***** RECORD SET

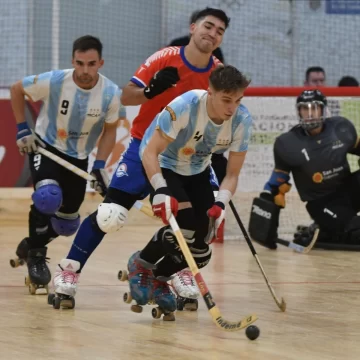 La selección mayor completó el triplete de títulos argentinos en el Panamericano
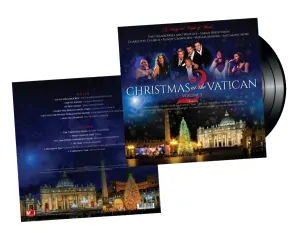 Christmas At The Vatican Volume 2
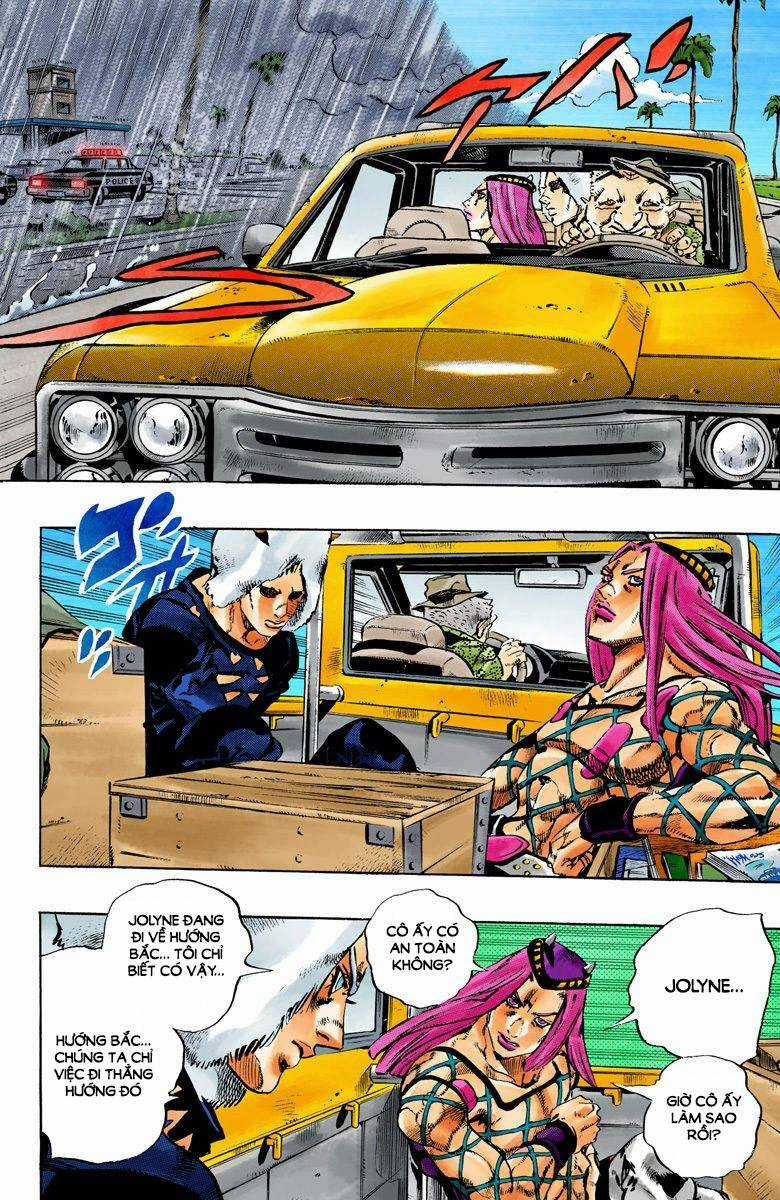 Cuộc Phiêu Lưu Bí Ẩn Chapter 698 trang 12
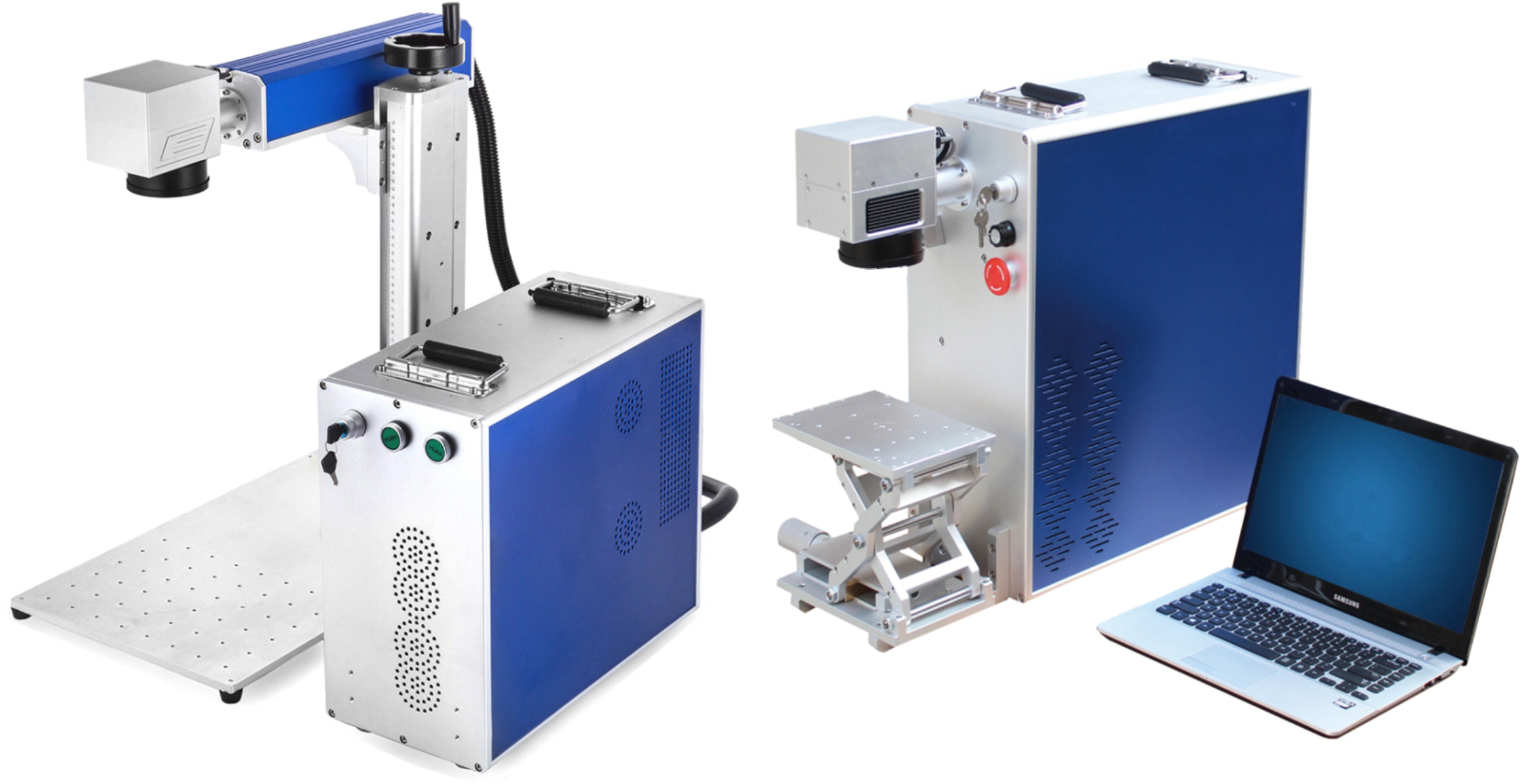 Fiber Portable Markalama 20W -30W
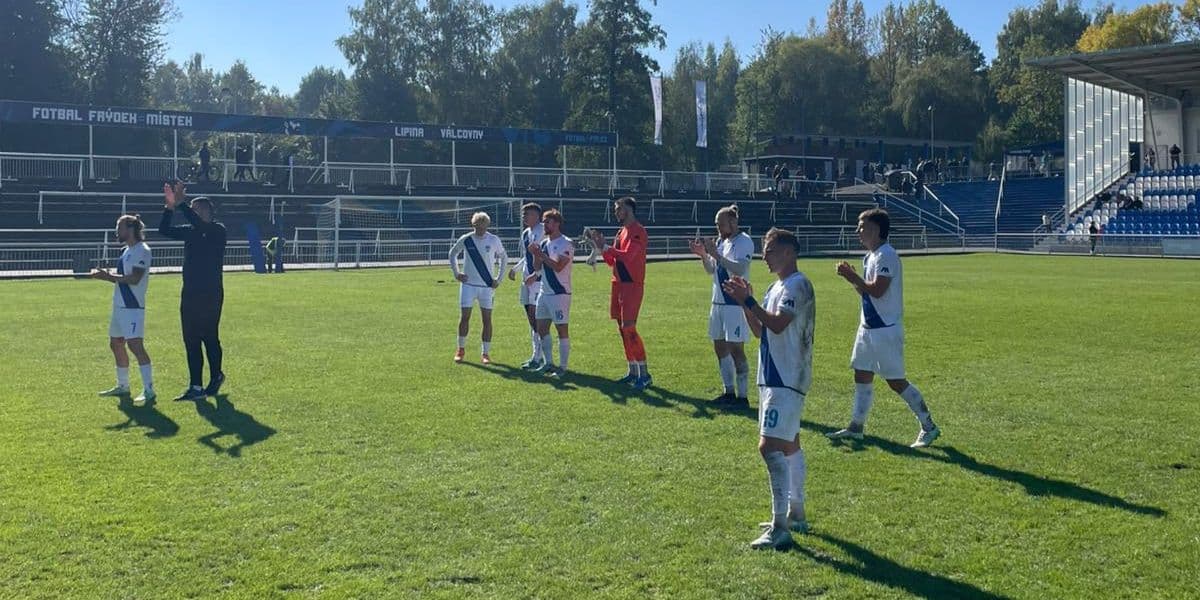 Důležité vítězství s Vítkovicemi
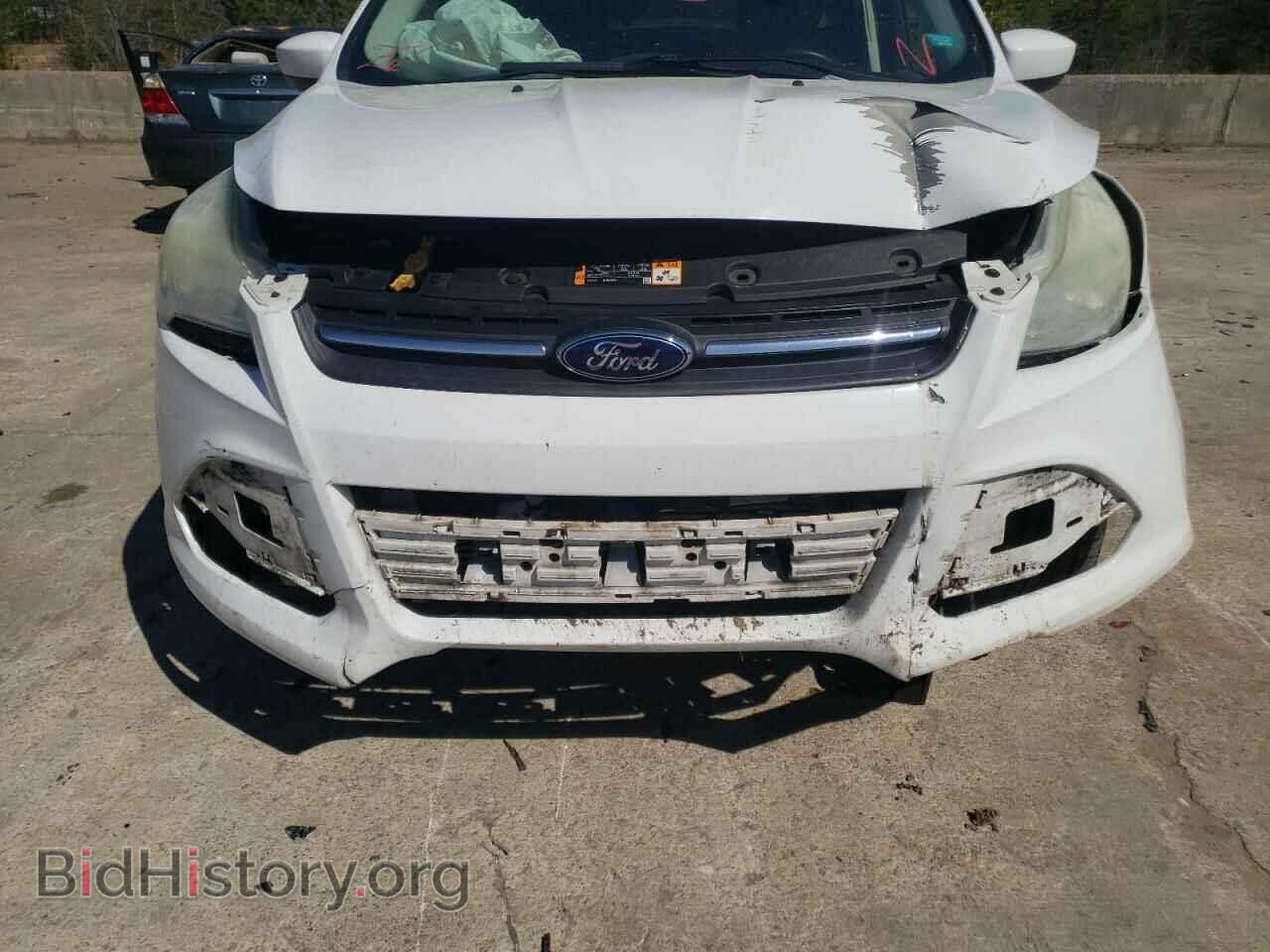 2013 FORD ESCAPE - VIN: 1FMCU9GX6DUA24676 - Фото 9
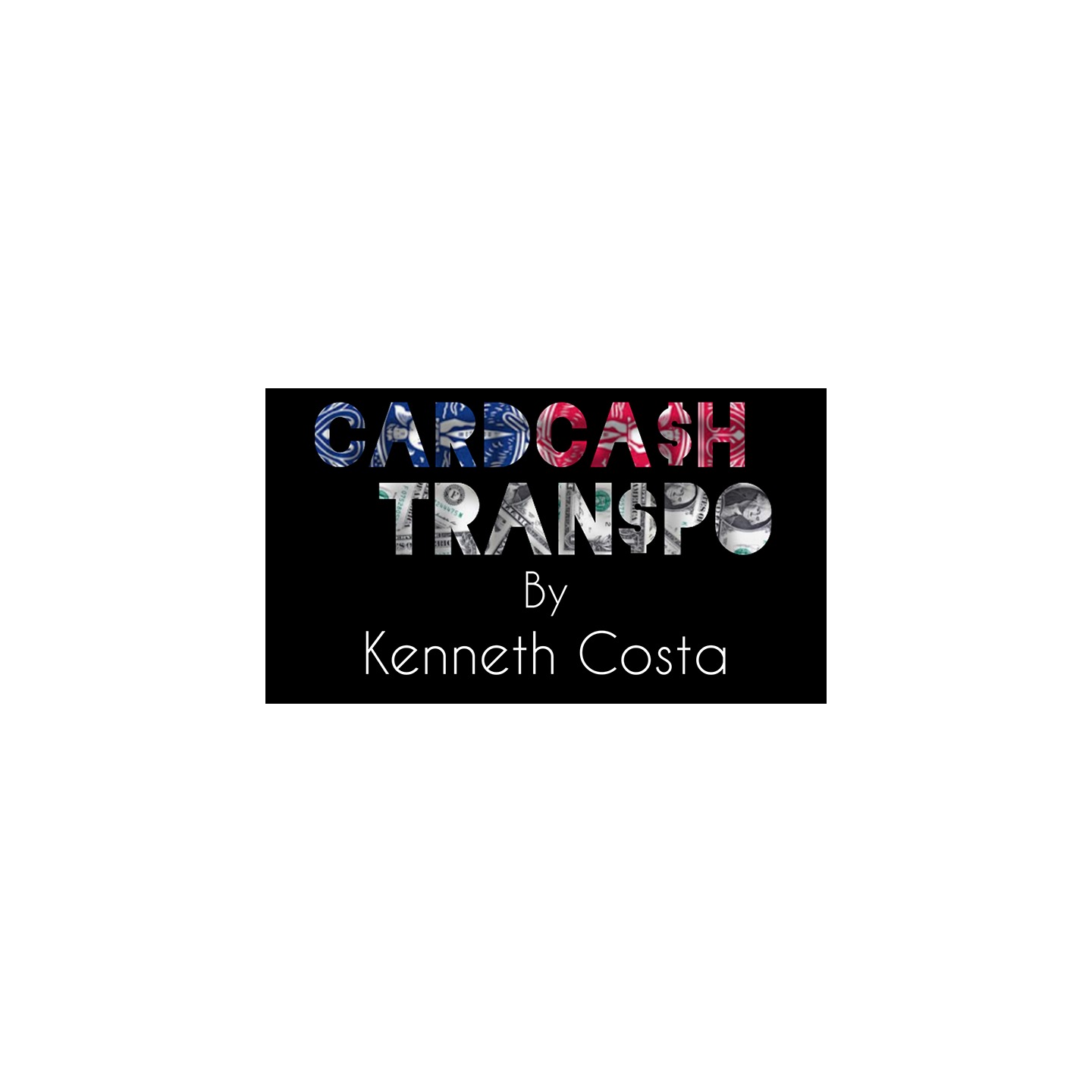 Card Cash Transpo by Kenneth Costa mixed media DOWNLOAD
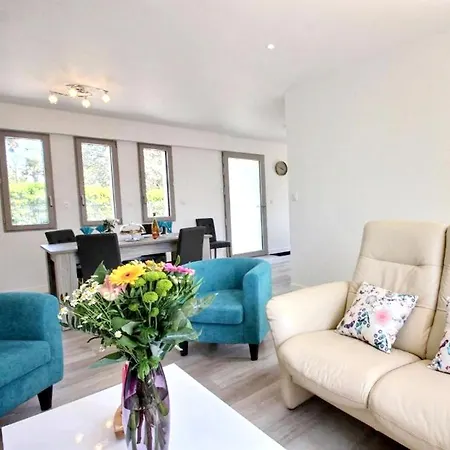 بيت للعطل Maison De 2 Avec Jardin Clos Et Wifi A Guirec بيرو جْييريك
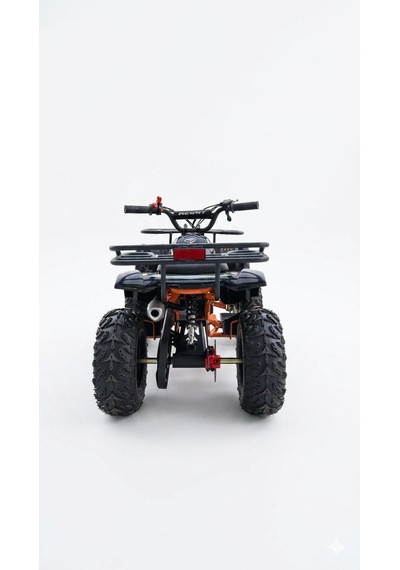 49cc Çocuk Model Atv Turuncu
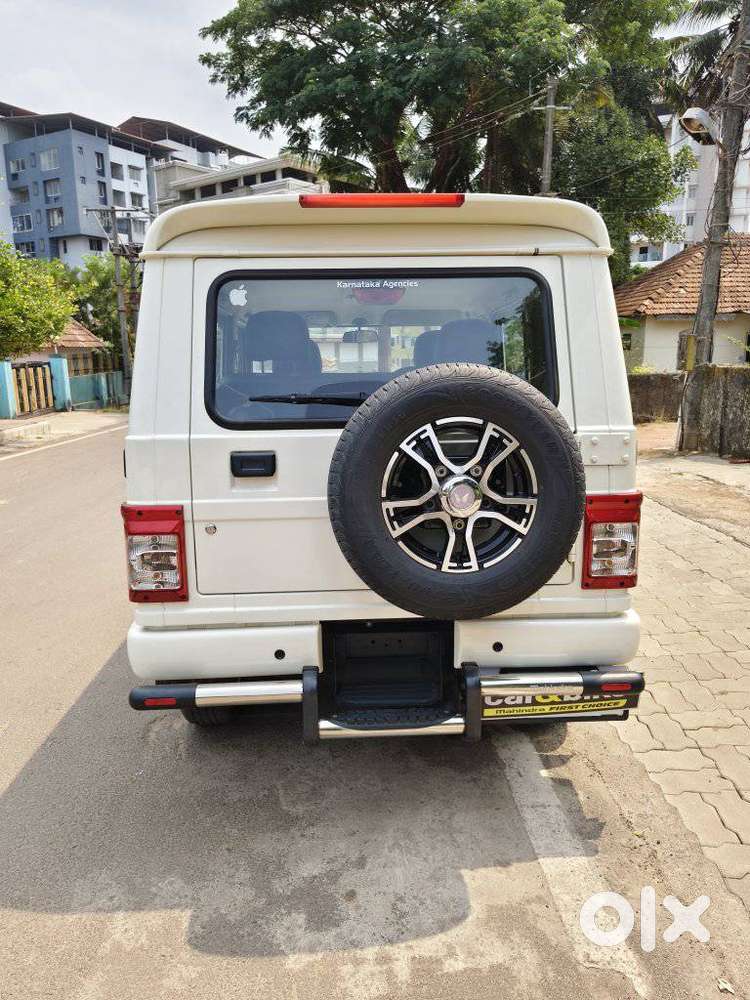 Mahindra Bolero B6 (o), 2024, Diesel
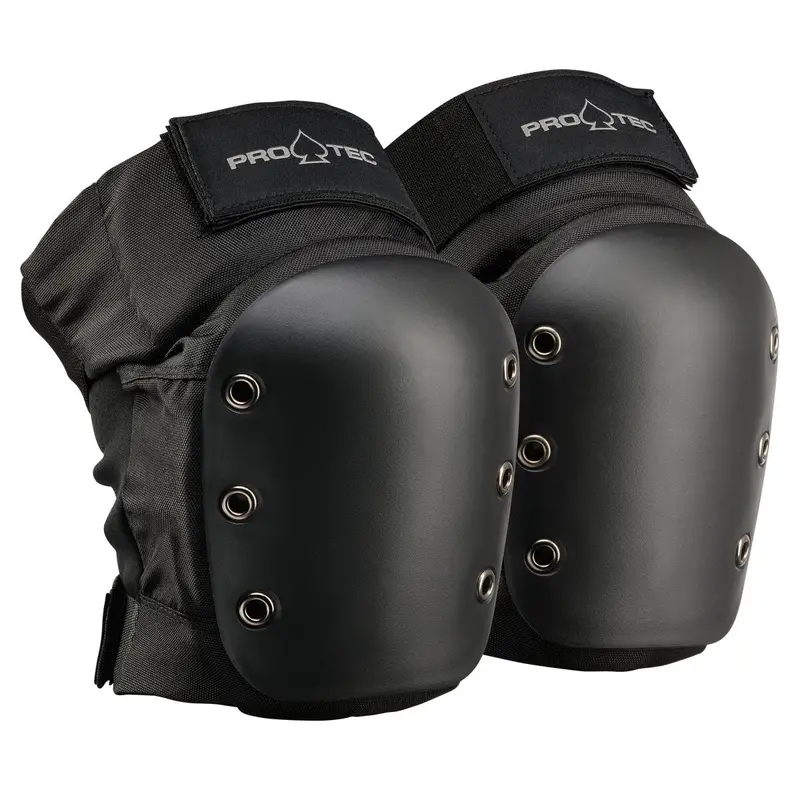 Pro-Tec Street-Style Skateboard Knee Pads 1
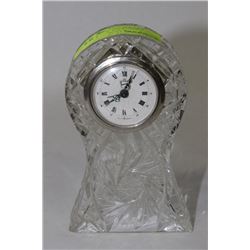 PINWHEEL WEST GERMANY CLOCK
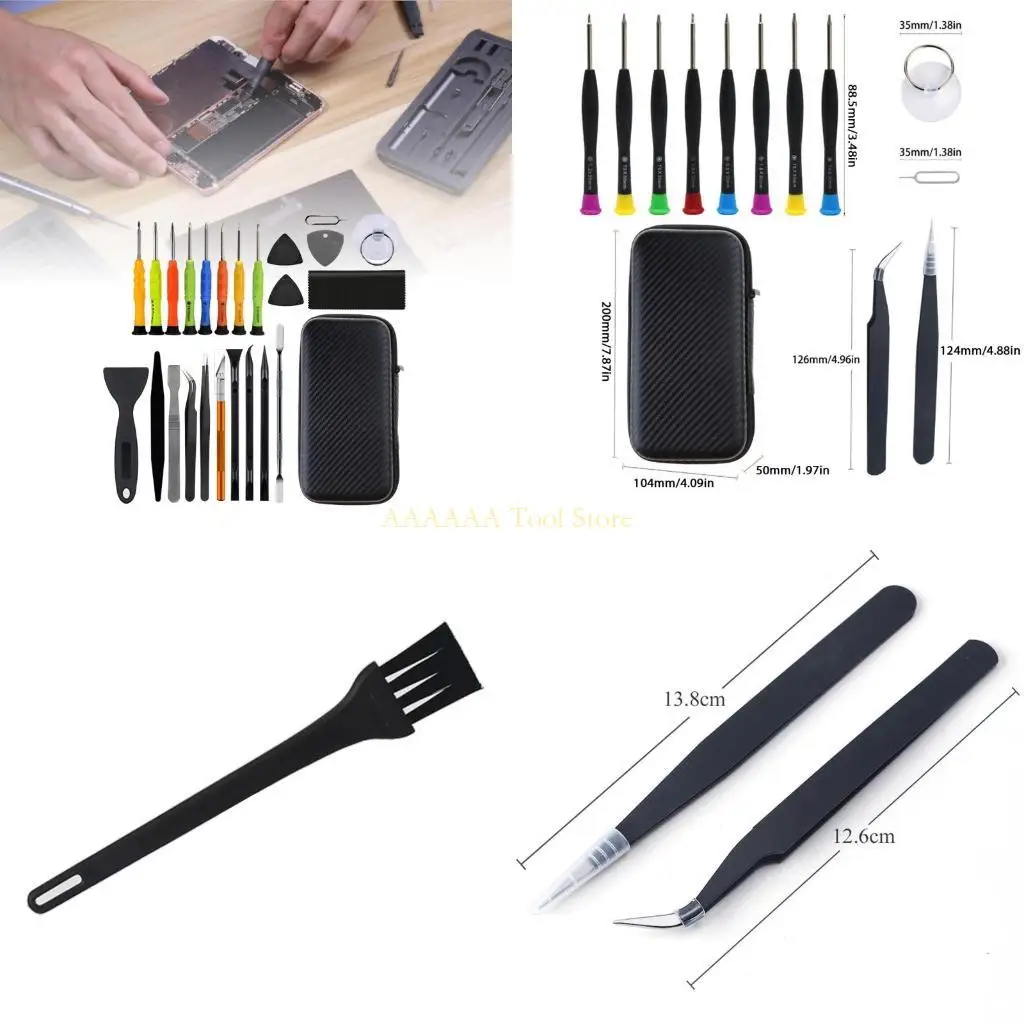 A2BE 25 в 1 Инструменты для ремонта мобильных телефонов
A2BE 25 в 1 Инструменты для ремонта мобильных телефонов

**********

→ **TASK ITEM**
A word-for-word copy of the lines from the start of the listing through the line containing "بيت للعطل Maison" is the answer. Pictures stay out of it.

→ **YOUR RESPONSE**
 La selección mayor completó el triplete de títulos argentinos en el Panamericano
 Christmas At The Vatican Volume 2
 Cuộc Phiêu Lưu Bí Ẩn Chapter 698 trang 12
 Fiber Portable Markalama 20W -30W
 Důležité vítězství s Vítkovicemi
 2013 FORD ESCAPE - VIN: 1FMCU9GX6DUA24676 - Фото 9
 Card Cash Transpo by Kenneth Costa mixed media DOWNLOAD
 بيت للعطل Maison De 2 Avec Jardin Clos Et Wifi A Guirec بيرو جْييريك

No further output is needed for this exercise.